* [TASK REQUIREMENTS]:
Reproduce exactly the lines from the one containing "The iQuarium i3G" through the last line of the records below, both included, and nothing else.

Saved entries
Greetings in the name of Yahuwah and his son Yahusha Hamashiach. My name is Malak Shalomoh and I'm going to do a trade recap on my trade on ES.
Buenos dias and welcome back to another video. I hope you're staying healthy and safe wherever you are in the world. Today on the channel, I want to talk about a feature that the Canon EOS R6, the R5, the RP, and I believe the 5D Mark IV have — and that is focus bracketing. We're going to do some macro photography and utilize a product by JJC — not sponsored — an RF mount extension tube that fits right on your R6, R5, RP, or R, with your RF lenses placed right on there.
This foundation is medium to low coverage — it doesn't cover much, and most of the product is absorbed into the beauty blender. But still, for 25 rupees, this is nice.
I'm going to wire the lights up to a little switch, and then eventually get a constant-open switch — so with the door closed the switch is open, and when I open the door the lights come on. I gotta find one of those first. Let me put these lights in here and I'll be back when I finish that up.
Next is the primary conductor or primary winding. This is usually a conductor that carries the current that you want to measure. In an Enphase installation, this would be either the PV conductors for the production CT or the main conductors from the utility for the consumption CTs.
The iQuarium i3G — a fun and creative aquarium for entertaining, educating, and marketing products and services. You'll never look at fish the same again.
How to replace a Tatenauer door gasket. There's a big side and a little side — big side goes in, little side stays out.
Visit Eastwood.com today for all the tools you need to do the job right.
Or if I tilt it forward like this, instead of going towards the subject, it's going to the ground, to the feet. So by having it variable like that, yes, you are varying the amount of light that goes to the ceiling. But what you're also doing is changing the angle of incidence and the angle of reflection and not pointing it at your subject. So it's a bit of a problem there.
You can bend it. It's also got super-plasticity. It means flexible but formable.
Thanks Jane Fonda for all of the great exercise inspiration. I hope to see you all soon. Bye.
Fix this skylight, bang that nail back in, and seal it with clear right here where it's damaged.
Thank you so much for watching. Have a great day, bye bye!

* [RESULT]:
The iQuarium i3G — a fun and creative aquarium for entertaining, educating, and marketing products and services. You'll never look at fish the same again.
How to replace a Tatenauer door gasket. There's a big side and a little side — big side goes in, little side stays out.
Visit Eastwood.com today for all the tools you need to do the job right.
Or if I tilt it forward like this, instead of going towards the subject, it's going to the ground, to the feet. So by having it variable like that, yes, you are varying the amount of light that goes to the ceiling. But what you're also doing is changing the angle of incidence and the angle of reflection and not pointing it at your subject. So it's a bit of a problem there.
You can bend it. It's also got super-plasticity. It means flexible but formable.
Thanks Jane Fonda for all of the great exercise inspiration. I hope to see you all soon. Bye.
Fix this skylight, bang that nail back in, and seal it with clear right here where it's damaged.
Thank you so much for watching. Have a great day, bye bye!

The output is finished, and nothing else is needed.